Czech Republic: Director of Lidice Memorial rejects criticism from relatives of Lety victims
The relatives of the victims of the Romani Holocaust and several other Romani organizations believe the Lidice Memorial is not administering the remembrance site at Lety by Písek in an appropriate, sensitive way. They are bothered by the online presentation of the memorial and the information placards at the site of the former Nazi concentration camp for Romani people, none of which mentions the ongoing presence of a pig farm at the site.
Those who are offended have called on their fellow Romani people not to participate in future events at Lety should they be convened by the Lidice Memorial. They are also insisting that the industrial pig farm be removed from the site.
The appeal was sent by Čeněk Růžička of the Committee for the Redress of the Roma Holocaust (Výbor pro odškodnění romského holocaustu - VPORH) to the Czech News Agency and Romea.cz. Milouš Červencl, the director of the Lidice Memorial, rejects the criticism (for the full text of the appeal, see http://www.romea.cz/en/news/czech/statement-on-management-of-the-lety-memorial-from-committee-for-the-redress-of-the-roma-holocaust).
"We are offended by the gross distortion of the basic historical facts in the texts that are now part of the signage on the walking trail through the site and the entire exhibition there.

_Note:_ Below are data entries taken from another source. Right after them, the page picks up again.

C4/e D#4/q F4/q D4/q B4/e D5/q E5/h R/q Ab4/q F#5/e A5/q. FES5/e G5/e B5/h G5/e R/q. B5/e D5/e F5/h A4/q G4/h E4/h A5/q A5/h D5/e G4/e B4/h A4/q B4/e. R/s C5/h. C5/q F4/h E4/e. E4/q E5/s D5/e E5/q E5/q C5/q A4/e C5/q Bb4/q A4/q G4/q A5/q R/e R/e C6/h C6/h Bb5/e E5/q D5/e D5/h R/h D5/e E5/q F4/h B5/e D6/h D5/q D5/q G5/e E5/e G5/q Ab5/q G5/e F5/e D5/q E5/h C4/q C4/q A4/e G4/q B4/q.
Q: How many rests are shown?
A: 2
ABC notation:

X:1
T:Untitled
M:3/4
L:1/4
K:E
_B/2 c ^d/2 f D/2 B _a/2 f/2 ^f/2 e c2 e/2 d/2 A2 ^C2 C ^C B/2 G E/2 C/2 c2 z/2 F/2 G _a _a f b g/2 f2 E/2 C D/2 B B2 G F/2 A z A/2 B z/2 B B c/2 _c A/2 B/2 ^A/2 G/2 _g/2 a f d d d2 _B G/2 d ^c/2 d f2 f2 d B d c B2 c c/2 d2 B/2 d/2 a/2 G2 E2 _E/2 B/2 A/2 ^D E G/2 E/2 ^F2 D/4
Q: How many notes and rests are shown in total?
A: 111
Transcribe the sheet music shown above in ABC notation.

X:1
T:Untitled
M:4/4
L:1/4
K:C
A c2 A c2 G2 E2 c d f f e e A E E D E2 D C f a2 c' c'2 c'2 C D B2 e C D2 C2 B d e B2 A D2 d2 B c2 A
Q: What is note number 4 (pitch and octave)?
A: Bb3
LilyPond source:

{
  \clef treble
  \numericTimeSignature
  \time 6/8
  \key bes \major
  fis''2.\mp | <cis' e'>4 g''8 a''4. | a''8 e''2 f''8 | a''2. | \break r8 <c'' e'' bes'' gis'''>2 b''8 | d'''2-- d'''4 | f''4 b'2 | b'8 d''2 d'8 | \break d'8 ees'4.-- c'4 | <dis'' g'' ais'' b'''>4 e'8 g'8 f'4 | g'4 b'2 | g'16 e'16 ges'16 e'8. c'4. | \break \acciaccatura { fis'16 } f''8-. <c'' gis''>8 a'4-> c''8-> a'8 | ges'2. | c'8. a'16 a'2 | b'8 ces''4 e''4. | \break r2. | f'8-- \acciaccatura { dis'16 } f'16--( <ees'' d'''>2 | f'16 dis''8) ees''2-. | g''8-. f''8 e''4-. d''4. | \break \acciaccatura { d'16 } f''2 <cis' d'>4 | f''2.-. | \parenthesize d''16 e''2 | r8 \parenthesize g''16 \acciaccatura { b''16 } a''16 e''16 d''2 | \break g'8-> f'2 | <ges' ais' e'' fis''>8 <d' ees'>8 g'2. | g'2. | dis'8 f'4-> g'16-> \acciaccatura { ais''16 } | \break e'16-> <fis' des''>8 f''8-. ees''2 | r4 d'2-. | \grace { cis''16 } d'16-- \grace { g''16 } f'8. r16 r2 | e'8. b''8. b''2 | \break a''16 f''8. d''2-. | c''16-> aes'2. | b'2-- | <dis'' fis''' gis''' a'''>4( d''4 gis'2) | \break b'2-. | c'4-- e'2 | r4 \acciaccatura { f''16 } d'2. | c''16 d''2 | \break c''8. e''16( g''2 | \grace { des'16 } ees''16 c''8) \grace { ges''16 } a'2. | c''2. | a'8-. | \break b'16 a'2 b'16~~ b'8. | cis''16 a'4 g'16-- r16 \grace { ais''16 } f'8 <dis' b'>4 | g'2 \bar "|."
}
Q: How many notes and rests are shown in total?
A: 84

This distortion is humiliating for the victims of the Romani Holocaust and their surviving relatives," say the 40 individuals and several organizations who signed the appeal. In their view the Lidice Memorial was awarded the administration of the site "by negotiating with the surviving relatives in a way that has turned out to be dishonorable", and they argue that therefore the Lidice Memorial has no moral right to organize commemorative ceremonies there.
The Lidice Memorial is an organization run by the Czech Culture Ministry. The Czech Government decided that it would administer the site in 2009.
According to the authors of the appeal, it is not enough to merely maintain and repair the landscaping at the site. They are continuing to demand that the pig farm be removed.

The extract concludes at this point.